Казаков взял микрофон из рук Лапина и уже почти нажал тангенту-клавишу, потом снова передал его командиру первой эскадрильи и сказал сипло, как-то сразу постарев лицом:
- Прикажи садиться. Самолет пилотирует «правый» пилот… - он ссутулился и, не взглянув на присутствующих, вышел из башенки командного пункта.
… Максим еще долго не выходил из самолета, сиротливо притулившегося на крайней стоянке. И никто не мог подойти к нему – так приказал командир летного отряда, дав, тем самым, возможность курсанту Кленову проститься с самолетом и с мечтой о небе. Уже давно прошел стартовый завтрак. Давно ушли в воздух машины на выполнение тренировочных заданий, а Максим все сидел в кабине «Антона», уронив голову на скрещенные на штурвале руки. Сергей подошел сзади, тронул друга за поникшее плечо:
- Пойдем, Максим… - и осекся, встретившись взглядом с глазами полными горя и слез.
- Оставь меня, Серега… Пойми… Ведь больше никогда… - он снова закрыл лицо ладонями и затрясся в безудержном рыдании.

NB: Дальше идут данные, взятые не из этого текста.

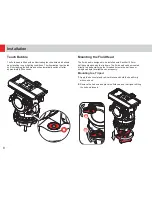 Предварительный просмотр 10 страницы Sachtler FSB 10 User Manual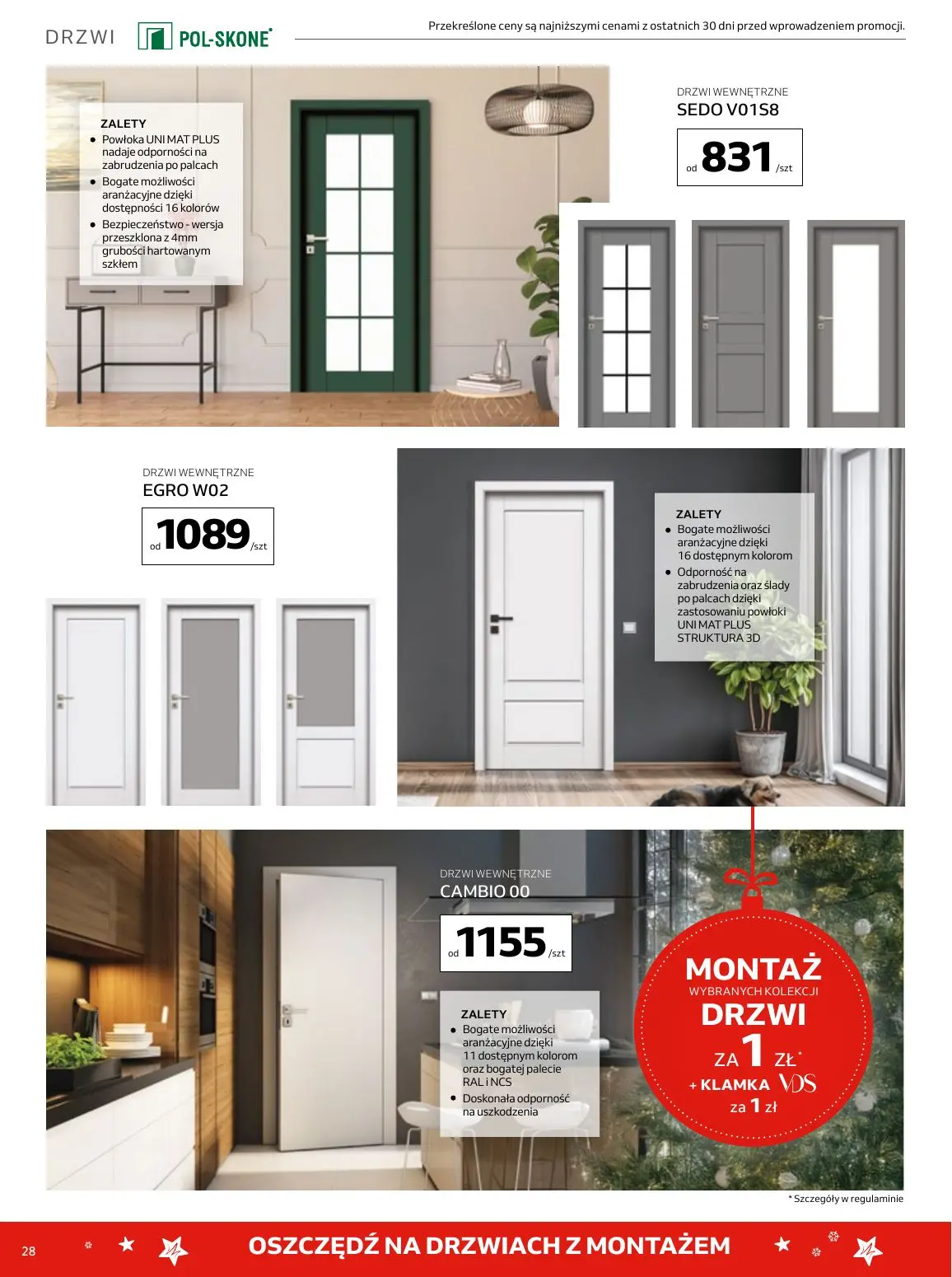 gazetka promocyjna KOMFORT Komfort w prezencie - Strona 28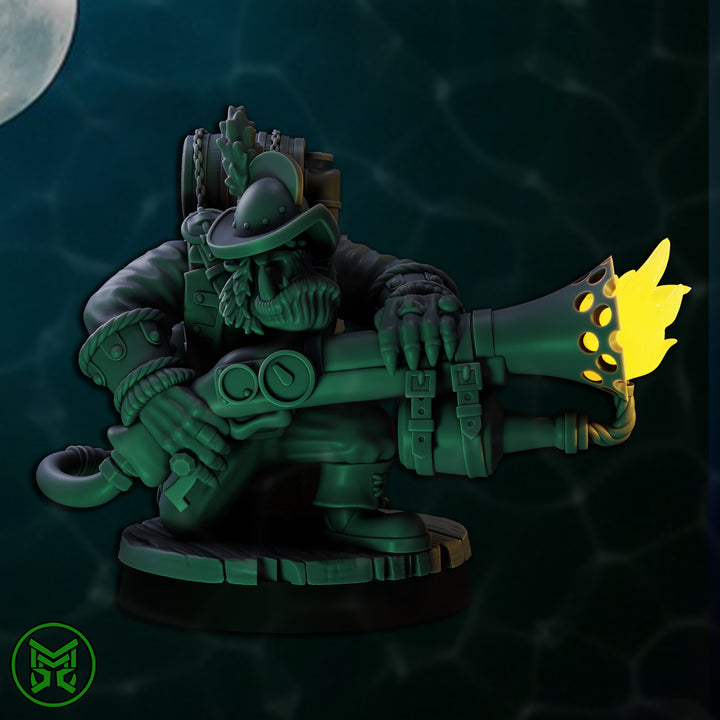 Pirate Orcs - Commandos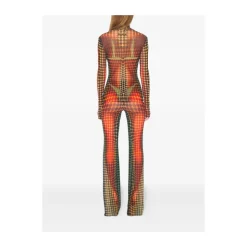 Re-edition Flared Trousers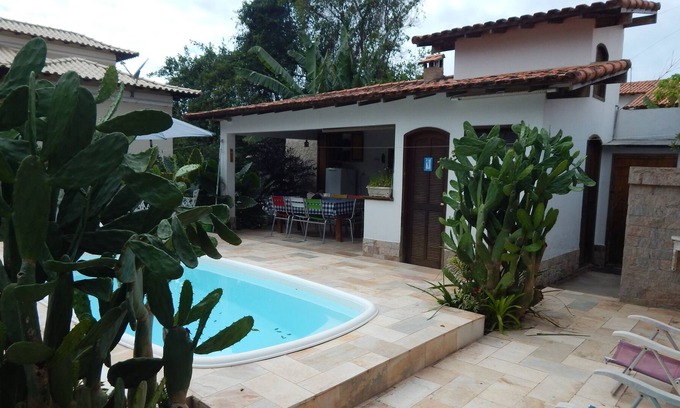 Saquarema House | Recanto de Itaúna - Sea and Reserve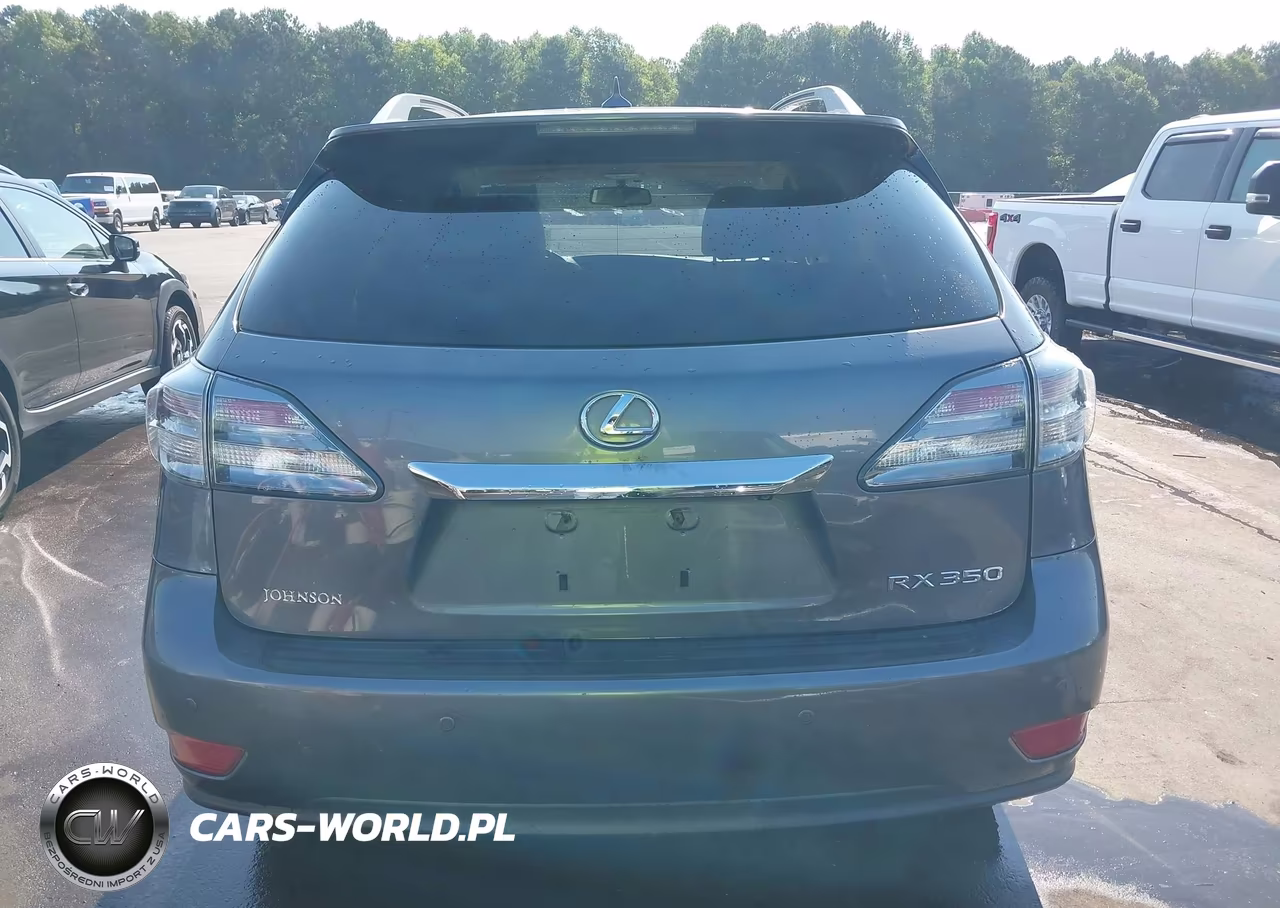 2012 Lexus Rx 350 VIN:JTJZK1BAXC2413918 - 17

- Прекрати, Макс, ты ведь мужчина. Надо уметь держать удар.
***
Максим уезжал из училища через сутки. Мало с кем общался, был замкнут, отчужденно-деловит, собрался быстро и, сдав курсантскую форму старшине Логинову, находился в расположении эскадрильи, одетый в штатское. Сергей, до этого молчаливо наблюдавший за ним, подошел к другу, собираясь проводить его до железнодорожной станции.
- Тебе «комод» свою машину дал, чтобы до вокзала доехать… - он неловко комкал в руках темно-синий берет с золотистым авиационным крабом.
- Спасибо ему, а то как бы я добирался, поезд-то в час ночи… - Максим старался не встречаться глазами со взглядом друга. Потом спросил, трудно подбирая слова. - Серега, ты… Ты можешь подтвердить, что я сделал всё, чтобы… чтобы… - давящий горло спазм прервал его речь.
- Да, Макс, я могу подтвердить: ты сделал все, чтобы научиться летать. И раз уж не судьба, то это не твоя вина. И ничья!
[1] СПУ – самолетное переговорное устройство.